**PROBLEM DESCRIPTION:** Would you please transcribe, exactly as written, the lines of the entries below starting at the one that holds "Владимир Путин - Татьяна" and ending at the one that holds "Wedding couple", both included?

**EXTRACTED DATA:**
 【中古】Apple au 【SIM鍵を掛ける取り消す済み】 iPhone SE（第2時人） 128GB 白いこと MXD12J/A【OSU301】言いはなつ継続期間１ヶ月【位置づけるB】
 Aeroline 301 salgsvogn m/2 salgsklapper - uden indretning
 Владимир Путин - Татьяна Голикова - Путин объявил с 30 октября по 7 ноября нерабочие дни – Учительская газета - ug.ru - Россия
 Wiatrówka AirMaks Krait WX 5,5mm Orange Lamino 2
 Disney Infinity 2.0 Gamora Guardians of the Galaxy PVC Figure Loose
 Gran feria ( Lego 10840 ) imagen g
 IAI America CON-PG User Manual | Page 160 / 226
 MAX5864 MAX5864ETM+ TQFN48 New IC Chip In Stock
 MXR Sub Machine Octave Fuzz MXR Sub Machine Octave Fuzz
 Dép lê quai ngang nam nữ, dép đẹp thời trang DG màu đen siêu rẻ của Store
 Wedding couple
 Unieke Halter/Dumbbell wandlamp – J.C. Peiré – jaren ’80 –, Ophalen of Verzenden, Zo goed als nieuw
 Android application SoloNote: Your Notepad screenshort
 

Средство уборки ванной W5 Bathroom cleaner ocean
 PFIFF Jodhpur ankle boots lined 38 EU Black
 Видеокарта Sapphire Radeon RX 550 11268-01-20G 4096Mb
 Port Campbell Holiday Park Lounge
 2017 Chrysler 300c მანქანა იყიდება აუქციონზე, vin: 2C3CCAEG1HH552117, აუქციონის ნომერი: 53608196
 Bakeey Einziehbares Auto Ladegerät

**YOUR RESPONSE:**
 Владимир Путин - Татьяна Голикова - Путин объявил с 30 октября по 7 ноября нерабочие дни – Учительская газета - ug.ru - Россия
 Wiatrówka AirMaks Krait WX 5,5mm Orange Lamino 2
 Disney Infinity 2.0 Gamora Guardians of the Galaxy PVC Figure Loose
 Gran feria ( Lego 10840 ) imagen g
 IAI America CON-PG User Manual | Page 160 / 226
 MAX5864 MAX5864ETM+ TQFN48 New IC Chip In Stock
 MXR Sub Machine Octave Fuzz MXR Sub Machine Octave Fuzz
 Dép lê quai ngang nam nữ, dép đẹp thời trang DG màu đen siêu rẻ của Store
 Wedding couple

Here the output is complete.